Innovative Practice: Moving from "Client-side Batching" to "Server-side Pipelining"

The adjustment of default values in Apache Kafka 4.0 validates a core technical consensus: when processing large-scale data streams, moderate batching is an effective means to balance throughput and latency. This is a mature optimization strategy based on a client-side perspective.

However, there is more than one path to performance optimization. Since the bottleneck lies in the server-side "serial processing," can we seek a breakthrough from the server side itself, rather than solely relying on adjusting client parameters? Driven by this insight, as an explorer of cloud-native Kafka, AutoMQ attempts to identify new breakthroughs from a server-side perspective: while maintaining full compatibility with Kafka protocol semantics, AutoMQ has introduced the "Pipeline mechanism." This mechanism does not alter the protocol itself; rather, it optimizes the server-side model. This allows for the full utilization of cloud-native storage concurrency while guaranteeing strict ordering, ultimately boosting the processing efficiency of ProduceRequests by 5 times.

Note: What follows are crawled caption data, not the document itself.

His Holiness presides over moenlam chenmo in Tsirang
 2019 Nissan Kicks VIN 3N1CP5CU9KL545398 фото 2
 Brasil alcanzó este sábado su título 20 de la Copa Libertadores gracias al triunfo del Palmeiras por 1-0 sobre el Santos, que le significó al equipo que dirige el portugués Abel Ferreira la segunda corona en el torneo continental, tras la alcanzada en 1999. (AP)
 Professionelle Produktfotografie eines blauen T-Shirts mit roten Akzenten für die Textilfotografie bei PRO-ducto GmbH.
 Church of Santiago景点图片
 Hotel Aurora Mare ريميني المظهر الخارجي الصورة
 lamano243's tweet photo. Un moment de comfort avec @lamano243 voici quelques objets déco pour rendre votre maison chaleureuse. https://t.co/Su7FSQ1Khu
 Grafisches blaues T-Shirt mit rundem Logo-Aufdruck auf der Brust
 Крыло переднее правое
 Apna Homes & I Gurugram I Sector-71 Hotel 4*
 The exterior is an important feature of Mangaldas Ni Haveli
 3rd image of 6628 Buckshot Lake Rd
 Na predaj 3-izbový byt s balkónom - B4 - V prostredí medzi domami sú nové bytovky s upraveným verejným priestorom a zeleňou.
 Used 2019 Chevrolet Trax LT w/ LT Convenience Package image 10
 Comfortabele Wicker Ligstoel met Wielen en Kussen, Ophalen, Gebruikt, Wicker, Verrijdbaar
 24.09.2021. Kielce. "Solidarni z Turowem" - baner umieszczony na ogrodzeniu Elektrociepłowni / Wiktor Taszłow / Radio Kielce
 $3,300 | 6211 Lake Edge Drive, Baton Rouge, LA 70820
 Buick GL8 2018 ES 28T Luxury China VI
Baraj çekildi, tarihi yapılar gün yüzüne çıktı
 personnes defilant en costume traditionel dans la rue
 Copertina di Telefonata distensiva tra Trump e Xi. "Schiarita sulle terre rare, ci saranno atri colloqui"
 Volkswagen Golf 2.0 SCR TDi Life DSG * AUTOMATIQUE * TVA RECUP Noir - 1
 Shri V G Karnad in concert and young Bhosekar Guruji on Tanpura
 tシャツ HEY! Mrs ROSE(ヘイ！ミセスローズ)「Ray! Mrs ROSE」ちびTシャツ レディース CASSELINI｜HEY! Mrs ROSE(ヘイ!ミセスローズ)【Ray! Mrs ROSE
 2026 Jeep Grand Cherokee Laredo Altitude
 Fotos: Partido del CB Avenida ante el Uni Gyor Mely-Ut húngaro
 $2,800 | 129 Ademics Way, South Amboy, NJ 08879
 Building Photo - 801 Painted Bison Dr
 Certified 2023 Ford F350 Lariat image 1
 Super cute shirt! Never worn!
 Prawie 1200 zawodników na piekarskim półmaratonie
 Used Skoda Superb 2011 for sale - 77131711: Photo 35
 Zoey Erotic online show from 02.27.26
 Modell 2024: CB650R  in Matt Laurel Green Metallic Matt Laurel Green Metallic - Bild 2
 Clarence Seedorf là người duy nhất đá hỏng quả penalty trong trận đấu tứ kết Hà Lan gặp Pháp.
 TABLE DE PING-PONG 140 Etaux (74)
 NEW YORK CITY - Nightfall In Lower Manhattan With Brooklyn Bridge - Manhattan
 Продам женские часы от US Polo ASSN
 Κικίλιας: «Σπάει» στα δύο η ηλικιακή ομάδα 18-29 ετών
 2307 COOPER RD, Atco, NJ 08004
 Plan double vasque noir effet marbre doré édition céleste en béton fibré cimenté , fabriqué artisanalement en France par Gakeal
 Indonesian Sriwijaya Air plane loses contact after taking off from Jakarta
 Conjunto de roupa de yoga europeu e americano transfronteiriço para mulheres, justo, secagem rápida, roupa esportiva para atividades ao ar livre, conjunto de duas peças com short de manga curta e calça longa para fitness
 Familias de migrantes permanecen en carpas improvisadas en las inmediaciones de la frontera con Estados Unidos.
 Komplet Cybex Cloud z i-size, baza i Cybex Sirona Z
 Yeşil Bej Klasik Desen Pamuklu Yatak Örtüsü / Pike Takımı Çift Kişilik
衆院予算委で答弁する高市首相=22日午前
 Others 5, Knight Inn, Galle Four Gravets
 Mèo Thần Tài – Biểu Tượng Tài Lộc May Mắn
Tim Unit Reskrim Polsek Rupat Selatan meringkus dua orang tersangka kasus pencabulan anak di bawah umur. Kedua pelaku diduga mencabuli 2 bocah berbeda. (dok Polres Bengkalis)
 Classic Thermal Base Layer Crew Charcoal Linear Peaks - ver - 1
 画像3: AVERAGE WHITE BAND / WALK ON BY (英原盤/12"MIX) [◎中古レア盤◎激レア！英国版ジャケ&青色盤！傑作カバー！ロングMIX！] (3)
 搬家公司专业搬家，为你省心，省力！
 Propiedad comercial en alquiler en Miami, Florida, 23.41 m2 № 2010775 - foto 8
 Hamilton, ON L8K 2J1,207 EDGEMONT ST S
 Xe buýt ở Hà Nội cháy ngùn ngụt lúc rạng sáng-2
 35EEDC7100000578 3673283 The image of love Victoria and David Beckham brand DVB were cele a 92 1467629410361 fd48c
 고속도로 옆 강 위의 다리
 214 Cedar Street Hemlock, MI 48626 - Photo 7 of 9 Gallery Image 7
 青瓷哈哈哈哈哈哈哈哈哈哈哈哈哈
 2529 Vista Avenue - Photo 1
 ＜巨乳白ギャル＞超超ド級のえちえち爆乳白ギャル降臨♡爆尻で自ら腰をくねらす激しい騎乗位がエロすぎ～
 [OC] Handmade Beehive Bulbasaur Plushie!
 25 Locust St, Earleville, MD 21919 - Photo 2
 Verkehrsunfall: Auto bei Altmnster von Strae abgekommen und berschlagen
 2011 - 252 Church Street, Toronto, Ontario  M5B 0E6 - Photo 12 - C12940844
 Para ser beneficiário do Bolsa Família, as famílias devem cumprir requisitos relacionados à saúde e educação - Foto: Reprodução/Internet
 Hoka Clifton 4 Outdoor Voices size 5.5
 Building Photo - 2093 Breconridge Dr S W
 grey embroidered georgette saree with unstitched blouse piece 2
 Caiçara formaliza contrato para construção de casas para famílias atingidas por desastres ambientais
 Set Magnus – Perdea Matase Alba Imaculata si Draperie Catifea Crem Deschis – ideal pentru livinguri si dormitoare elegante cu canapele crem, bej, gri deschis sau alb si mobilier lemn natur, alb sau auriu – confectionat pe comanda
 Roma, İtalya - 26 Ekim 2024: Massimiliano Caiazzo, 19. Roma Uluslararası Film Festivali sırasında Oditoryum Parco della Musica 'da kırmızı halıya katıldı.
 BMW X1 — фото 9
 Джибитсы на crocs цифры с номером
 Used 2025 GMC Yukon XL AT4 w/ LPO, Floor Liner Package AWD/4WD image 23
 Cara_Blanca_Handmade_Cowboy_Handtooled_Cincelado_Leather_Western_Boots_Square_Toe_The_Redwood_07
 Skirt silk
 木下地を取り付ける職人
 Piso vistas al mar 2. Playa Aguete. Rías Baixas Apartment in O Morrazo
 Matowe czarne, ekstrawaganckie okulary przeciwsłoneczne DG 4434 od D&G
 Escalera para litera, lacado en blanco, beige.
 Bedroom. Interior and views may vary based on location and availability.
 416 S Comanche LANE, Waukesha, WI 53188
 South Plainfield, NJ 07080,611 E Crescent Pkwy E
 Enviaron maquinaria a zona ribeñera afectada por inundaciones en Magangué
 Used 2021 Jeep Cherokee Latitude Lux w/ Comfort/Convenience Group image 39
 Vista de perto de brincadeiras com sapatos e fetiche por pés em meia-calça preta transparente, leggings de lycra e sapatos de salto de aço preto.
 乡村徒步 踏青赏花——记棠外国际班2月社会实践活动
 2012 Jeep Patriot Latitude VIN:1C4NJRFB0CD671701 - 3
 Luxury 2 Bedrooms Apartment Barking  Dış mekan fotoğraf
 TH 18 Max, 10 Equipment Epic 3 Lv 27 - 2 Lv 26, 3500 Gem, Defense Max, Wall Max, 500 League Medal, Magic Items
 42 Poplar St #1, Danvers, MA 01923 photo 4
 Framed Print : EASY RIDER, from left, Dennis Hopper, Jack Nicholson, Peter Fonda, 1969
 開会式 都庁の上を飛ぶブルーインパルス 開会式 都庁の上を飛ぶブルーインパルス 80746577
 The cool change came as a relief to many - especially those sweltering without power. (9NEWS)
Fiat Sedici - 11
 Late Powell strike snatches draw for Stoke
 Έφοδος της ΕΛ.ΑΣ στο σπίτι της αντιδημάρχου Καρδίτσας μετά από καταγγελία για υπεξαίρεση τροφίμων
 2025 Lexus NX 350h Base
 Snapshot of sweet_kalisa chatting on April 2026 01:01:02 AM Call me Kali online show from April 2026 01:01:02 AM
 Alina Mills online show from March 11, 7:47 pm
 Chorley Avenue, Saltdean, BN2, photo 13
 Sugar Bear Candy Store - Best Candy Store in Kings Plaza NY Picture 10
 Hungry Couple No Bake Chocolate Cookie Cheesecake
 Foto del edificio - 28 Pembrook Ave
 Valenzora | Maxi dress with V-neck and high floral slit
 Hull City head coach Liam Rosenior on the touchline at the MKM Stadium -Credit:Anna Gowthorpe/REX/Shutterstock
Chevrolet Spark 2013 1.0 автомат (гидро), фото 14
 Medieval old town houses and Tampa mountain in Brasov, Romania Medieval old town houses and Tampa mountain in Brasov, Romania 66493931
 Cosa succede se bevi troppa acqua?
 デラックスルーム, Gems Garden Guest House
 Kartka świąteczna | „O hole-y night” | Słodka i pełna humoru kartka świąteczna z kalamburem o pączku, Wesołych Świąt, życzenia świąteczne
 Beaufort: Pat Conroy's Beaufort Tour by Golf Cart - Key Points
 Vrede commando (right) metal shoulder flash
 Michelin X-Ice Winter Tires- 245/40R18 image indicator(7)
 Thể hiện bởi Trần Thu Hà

What does this imply? Let us revisit the previous deduction scenario:

Even under conditions where linger.ms=0 causes a backlog of multiple in-flight requests, AutoMQ's pipeline mechanism enables the server to process these requests concurrently, significantly reducing queuing latency:

Apache Kafka: Due to serial queuing, the average latency reaches 27.5ms.
AutoMQ: By leveraging the pipeline mechanism, the average latency decreases to 7.5ms.

Therefore, when utilizing AutoMQ as the server side, one can benefit from a 5-fold increase in server processing efficiency. The client no longer needs to accommodate the server through prolonged "lingering," thereby achieving a lower latency experience. You may configure parameters to 1/5 of the originally recommended values; the configuration strategy for linger.ms will differ slightly from that of Apache Kafka:

linger.ms >= (Server Processing Time / 5)
batch.size >= (Max Write Throughput per Client) * (linger.ms / 1000) / (Number of Brokers)

(Note: It is similarly recommended to maximize batch.size within memory limits, e.g., 256K)

This disparity in configuration reveals a shift in the perspective of performance optimization: achieving performance tuning cannot rely solely on client-side adaptation. Through innovative practices at the architectural level, AutoMQ eliminates the need for users to make difficult trade-offs between "low latency" and "high throughput," achieving both with a lower barrier to entry. Technology is in a state of constant evolution. Moving from parameter tuning to architectural evolution is not only the choice of AutoMQ but also the developmental direction of message middleware in the cloud-native era.

Conclusion

Thank you for reading.

This article reviewed the configuration of linger.ms and batch.size parameters in Apache Kafka 4.0, pointing out the "latency versus throughput" trade-off challenge faced during client-side performance tuning under the traditional serial network model. Subsequently, we provided an in-depth analysis of AutoMQ's Pipeline mechanism, which decouples the strong binding between sequential processing and serial execution through the refactoring of the server-side I/O model.

The Pipeline mechanism is one of the core features of AutoMQ's cloud-native architecture. It achieves processing efficiency 5 times that of traditional architectures without relying on tedious client-side parameter tuning, while guaranteeing strict data ordering. Combined with deep adaptation to cloud-native storage, AutoMQ is committed to empowering enterprises to build streaming data platforms with ultimate performance and simplified operations through the evolution of the underlying architecture.